(Captioned web images)
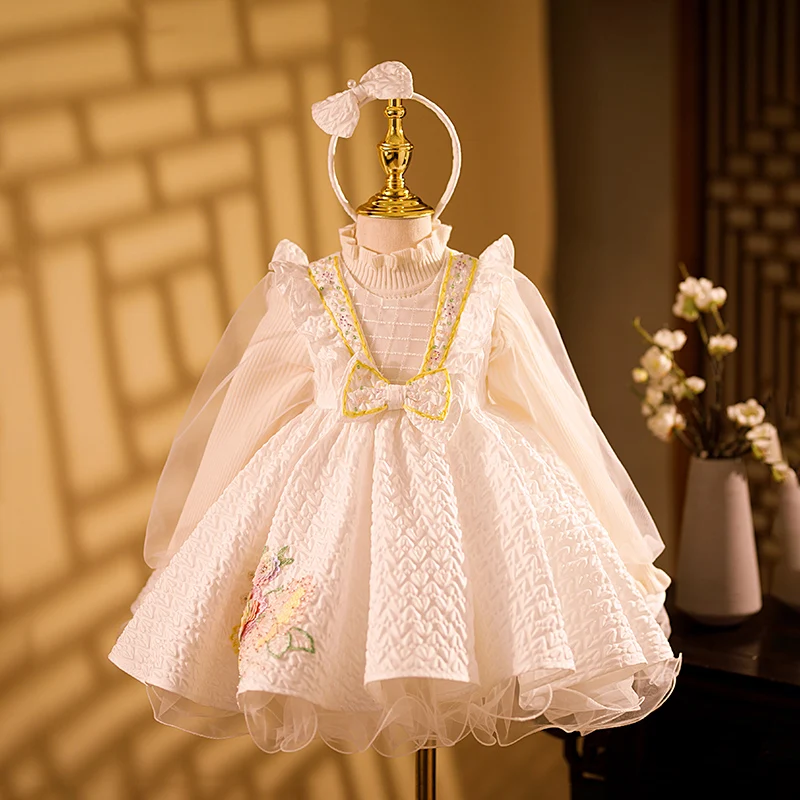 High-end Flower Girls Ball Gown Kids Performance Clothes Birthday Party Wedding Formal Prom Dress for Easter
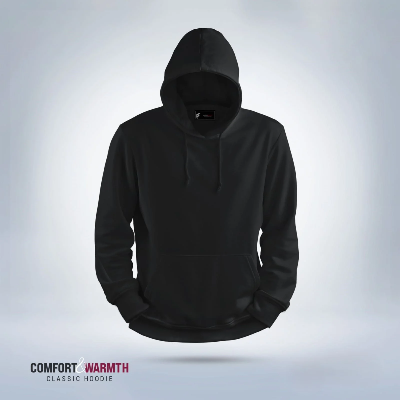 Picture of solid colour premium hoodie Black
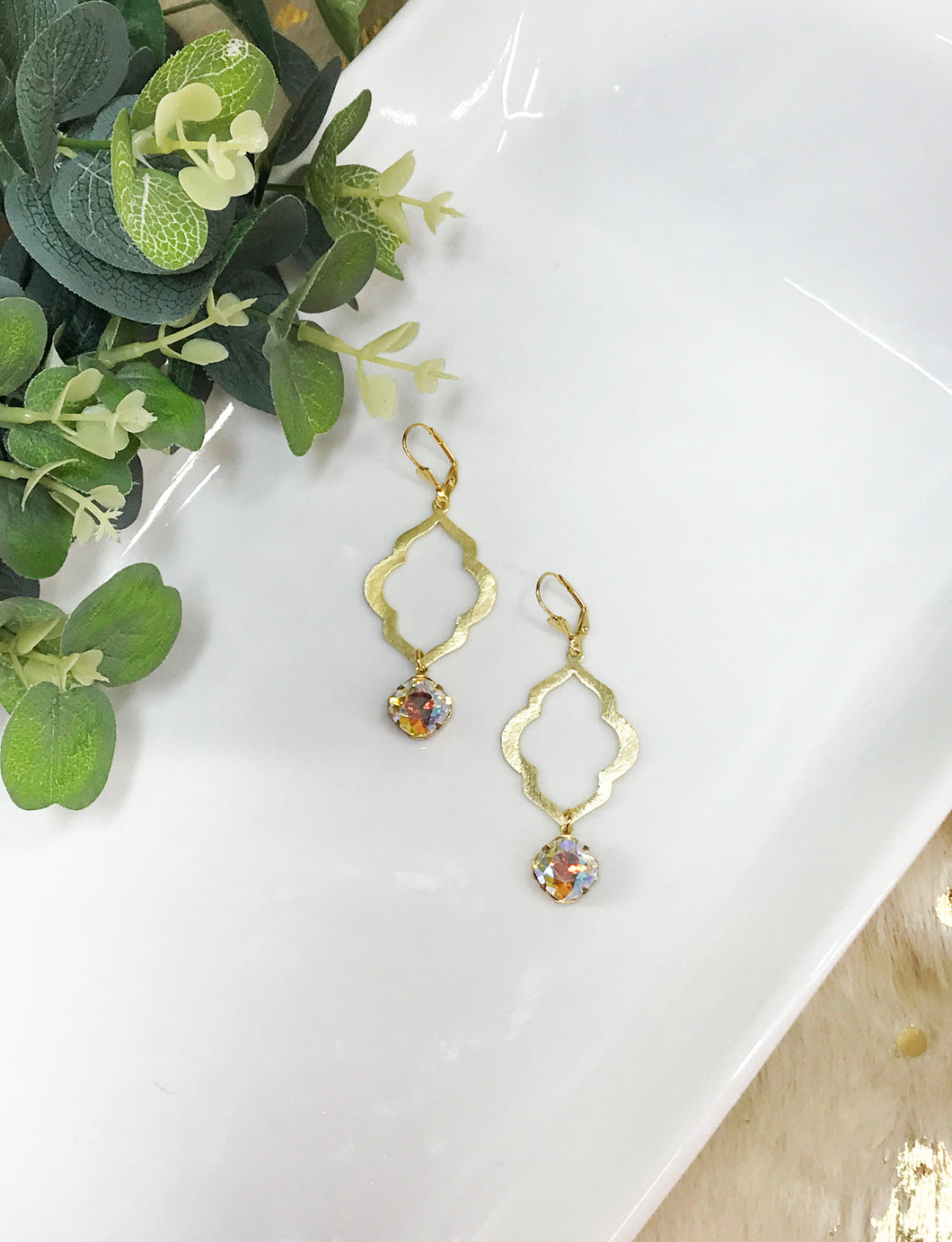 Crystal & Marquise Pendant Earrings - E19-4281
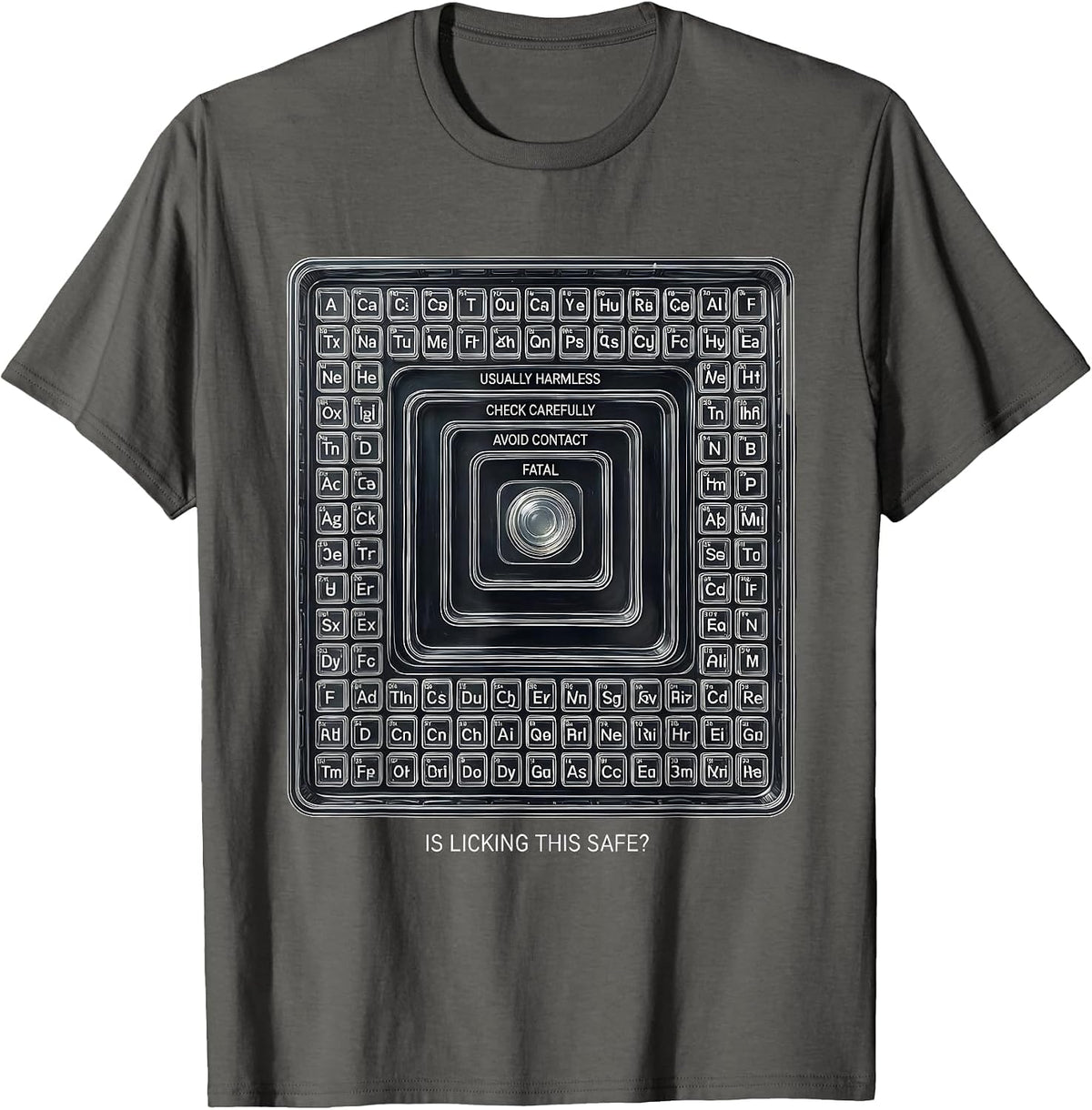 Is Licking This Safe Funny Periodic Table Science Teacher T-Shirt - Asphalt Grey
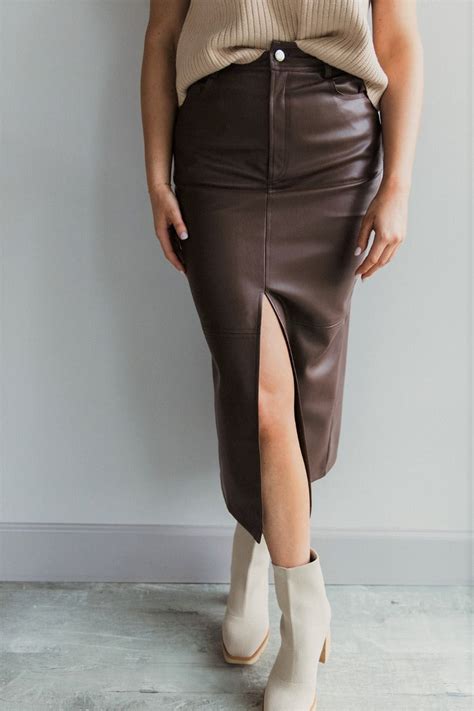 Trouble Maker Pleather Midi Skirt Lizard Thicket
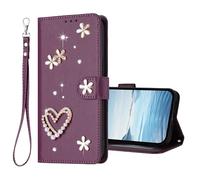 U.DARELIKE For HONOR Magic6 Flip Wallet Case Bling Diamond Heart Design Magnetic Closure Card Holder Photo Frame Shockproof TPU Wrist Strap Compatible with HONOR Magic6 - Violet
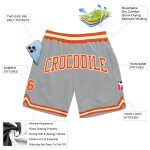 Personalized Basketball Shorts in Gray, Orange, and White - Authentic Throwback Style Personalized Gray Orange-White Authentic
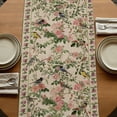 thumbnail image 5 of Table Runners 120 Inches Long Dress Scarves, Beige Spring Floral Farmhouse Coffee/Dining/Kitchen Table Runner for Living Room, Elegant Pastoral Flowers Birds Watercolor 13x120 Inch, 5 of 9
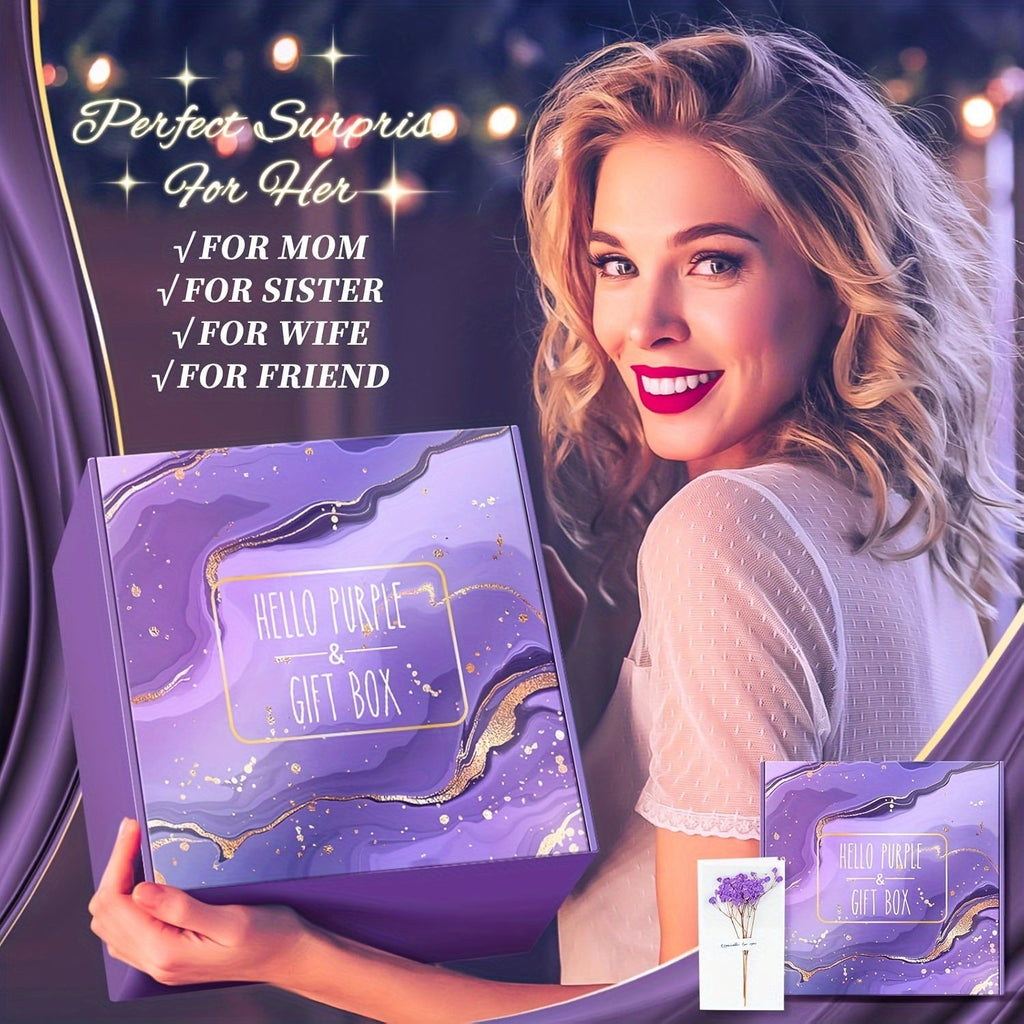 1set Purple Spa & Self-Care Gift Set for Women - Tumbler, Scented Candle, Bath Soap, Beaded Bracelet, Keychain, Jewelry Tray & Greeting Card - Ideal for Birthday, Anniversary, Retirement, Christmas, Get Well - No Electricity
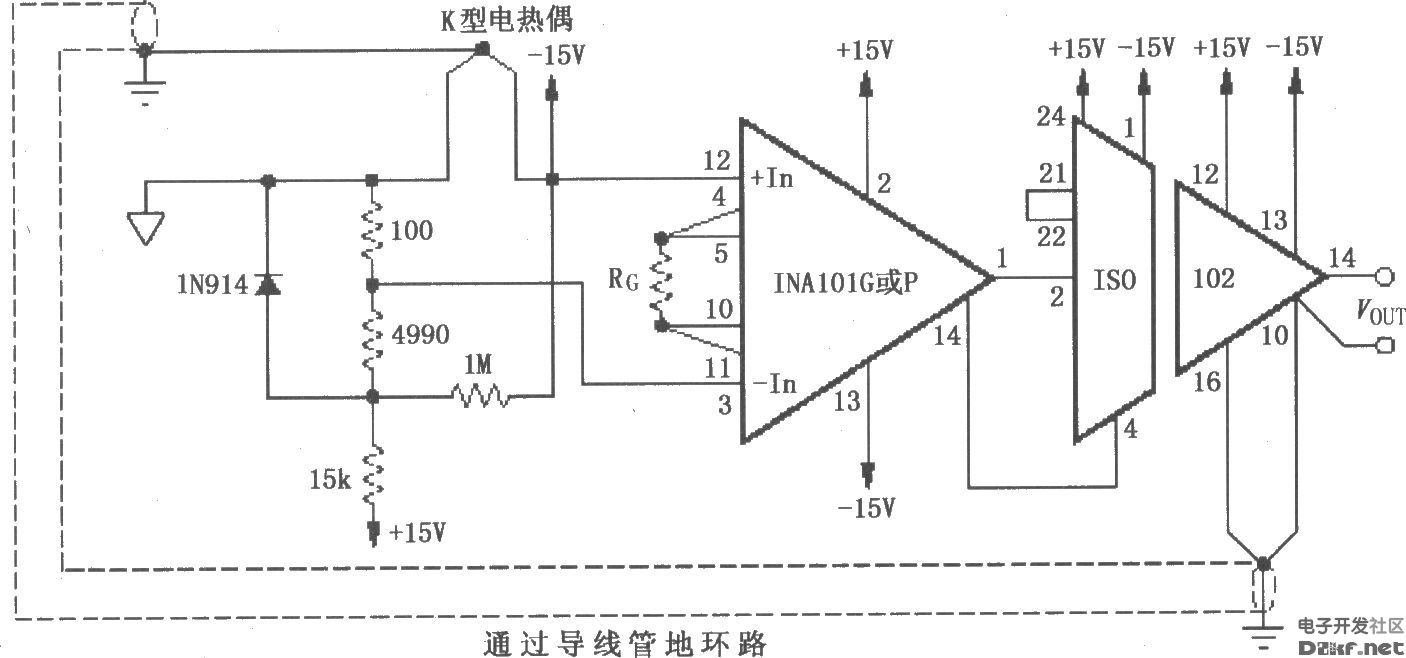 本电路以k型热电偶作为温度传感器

■ **WORK REQUEST**:
Word for word, restate the lines above from the one with "Crystal & Marquise" through the one with "Personalized Basketball Shorts", keeping both ends and dropping the pictures.

■ **TASK OUTPUT**:
 Crystal & Marquise Pendant Earrings - E19-4281
 Is Licking This Safe Funny Periodic Table Science Teacher T-Shirt - Asphalt Grey
 Trouble Maker Pleather Midi Skirt Lizard Thicket
 U.DARELIKE For HONOR Magic6 Flip Wallet Case Bling Diamond Heart Design Magnetic Closure Card Holder Photo Frame Shockproof TPU Wrist Strap Compatible with HONOR Magic6 - Violet
 Personalized Basketball Shorts in Gray, Orange, and White - Authentic Throwback Style Personalized Gray Orange-White Authentic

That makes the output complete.